The national Sudoku championship was held at the Convention Center in the fall. The six-member U.S. team includes Tammy McLeod, a programmer for Google in Los Angeles, who garnered her seat and $10,000 as the winner of the national championship.Read more

From 32 countries around the world, they are flying into Philadelphia with strategies in their bags of tricks, pencils in their hands, and the numbers one through nine on their minds.

They are champion Sudoku players who have qualified as the best in their nations. The rest of us may play in our living rooms, on buses or trains, or anywhere at leisure; they do, too - but for keeps. For them, Sudoku is not just relaxation. It's a proving ground.

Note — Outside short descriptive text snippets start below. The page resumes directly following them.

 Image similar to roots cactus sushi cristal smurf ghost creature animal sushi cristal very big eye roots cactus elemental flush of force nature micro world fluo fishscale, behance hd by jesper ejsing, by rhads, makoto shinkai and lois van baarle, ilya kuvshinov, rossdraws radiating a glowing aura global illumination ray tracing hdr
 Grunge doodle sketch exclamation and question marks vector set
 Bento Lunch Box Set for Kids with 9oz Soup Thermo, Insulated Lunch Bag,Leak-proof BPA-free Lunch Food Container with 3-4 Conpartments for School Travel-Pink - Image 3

They'll be competing, about 140 players in all, Friday and Saturday at the Fifth World Sudoku Championship, sponsored by The Inquirer. The competition will be held in the Juniper Room of the Courtyard Marriott, across from City Hall. When it's over late Saturday afternoon, one nation will reign as the team champion of the world's most popular puzzle, and one person will be named as this year's best player on the globe. All this for a trophy: The prizes have no cash value, but oh, what bragging rights.

The four previous world Sudoku championships have been in Italy, the Czech Republic, India, and, last year, Slovakia, which won the team title. Jan Mrozowski of Poland took home the individual-player championship and is considered one of the favorites to watch here. And Poland is among the tougher national teams.

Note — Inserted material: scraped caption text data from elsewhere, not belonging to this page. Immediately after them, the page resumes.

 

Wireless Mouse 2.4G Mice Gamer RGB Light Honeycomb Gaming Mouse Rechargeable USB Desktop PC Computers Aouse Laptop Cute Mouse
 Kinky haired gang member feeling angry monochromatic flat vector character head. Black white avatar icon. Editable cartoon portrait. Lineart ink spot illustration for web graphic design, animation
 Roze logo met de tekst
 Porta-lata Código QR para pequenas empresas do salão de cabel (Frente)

After The Inquirer established the national Sudoku championship in 2007 - with prize money and an assurance that the winner would sit on the U.S. team in the world finals - publisher Brian P. Tierney put in a bid for the newspaper to host the world meet.

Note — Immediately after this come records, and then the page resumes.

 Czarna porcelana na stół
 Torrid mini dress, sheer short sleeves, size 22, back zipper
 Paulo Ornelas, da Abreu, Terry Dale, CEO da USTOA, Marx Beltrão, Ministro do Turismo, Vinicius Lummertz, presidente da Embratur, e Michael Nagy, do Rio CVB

In 2008, the World Puzzle Federation, which runs the World Sudoku Championship, accepted the bid. It had been backed by Mayor Nutter and Will Shortz, host of The Inquirer's national Sudoku championship, New York Times puzzle editor, and puzzle master of National Public Radio's Weekend Edition.

Shortz will emcee the world championship this weekend. Although the competition has no plans for onlookers other than those accompanying the teams, Shortz says that people who want to watch the finals for the individual title, beginning at 5:30 p.m. Saturday, may do so for a $20 fee.

Shortz cites what he calls "a significant difference" in this year's world contest.

"Over the past few years, we've had some puzzles that've been so hard, it was advantageous for the solver to guess along the way and to hope that the answer works out, rather than to solve the puzzle by pure logic, as you usually would. That rewards luck," he said.

"This year's puzzles have nothing like that. If you guess, it's probably going to hurt you. It's much better to solve by pure logic."

Shortz also stressed that organizers were not concerned about cheating, which tainted the national championship last year.

That contest, at the Convention Center in October, ended with a third-place winner being suspected of cheating; he eventually was stripped of his $3,000 prize after doing poorly in a retest. The player had competed in elimination rounds and may have concealed, under the hood of a sweatshirt, an electronic device that aided him.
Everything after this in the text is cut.